_Problem requirements_
Leave out every picture and set down, exactly, the lines below from the one holding "60A 1530 Tamarack" up to and including the one holding "Meet your Posher, Maritza".

_Listed records_

========

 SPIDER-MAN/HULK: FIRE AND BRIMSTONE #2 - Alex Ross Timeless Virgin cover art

========

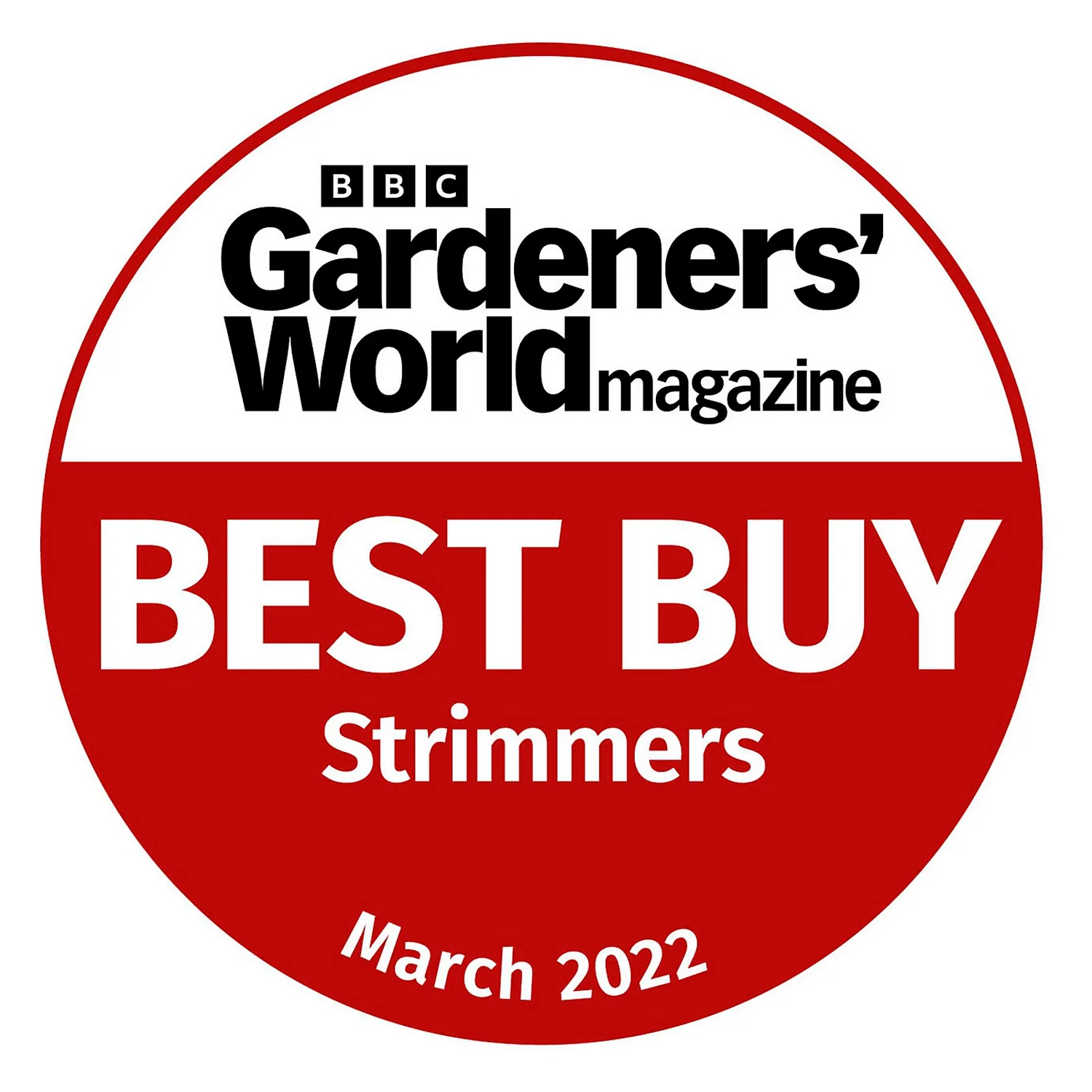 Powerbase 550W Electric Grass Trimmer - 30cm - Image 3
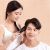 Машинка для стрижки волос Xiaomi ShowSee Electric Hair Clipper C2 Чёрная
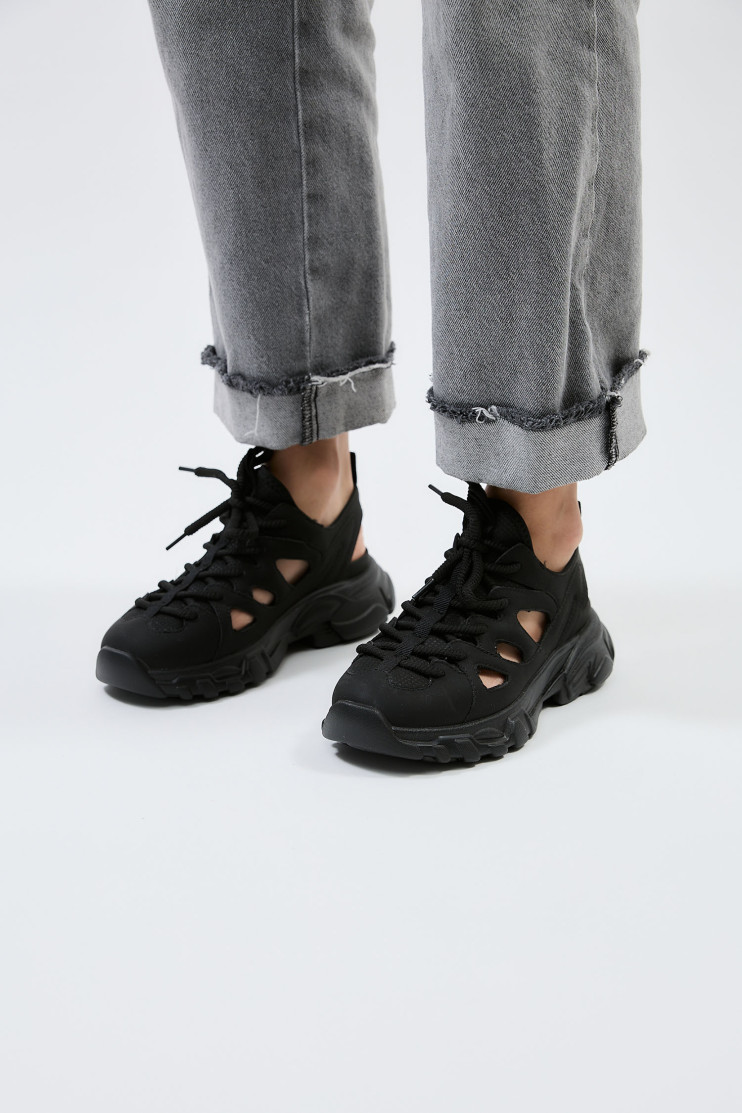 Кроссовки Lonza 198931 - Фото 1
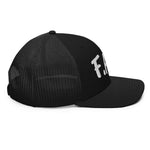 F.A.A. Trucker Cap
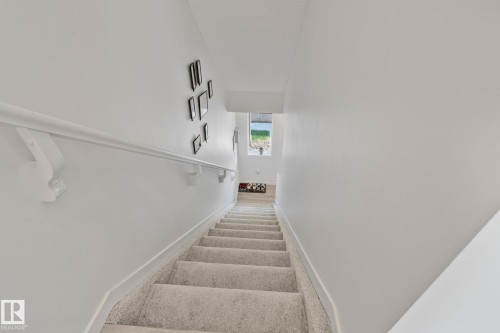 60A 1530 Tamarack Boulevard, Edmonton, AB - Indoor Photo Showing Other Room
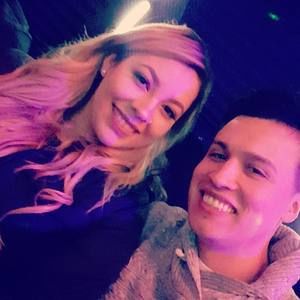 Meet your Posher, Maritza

========

_Task answer_
 60A 1530 Tamarack Boulevard, Edmonton, AB - Indoor Photo Showing Other Room
 Meet your Posher, Maritza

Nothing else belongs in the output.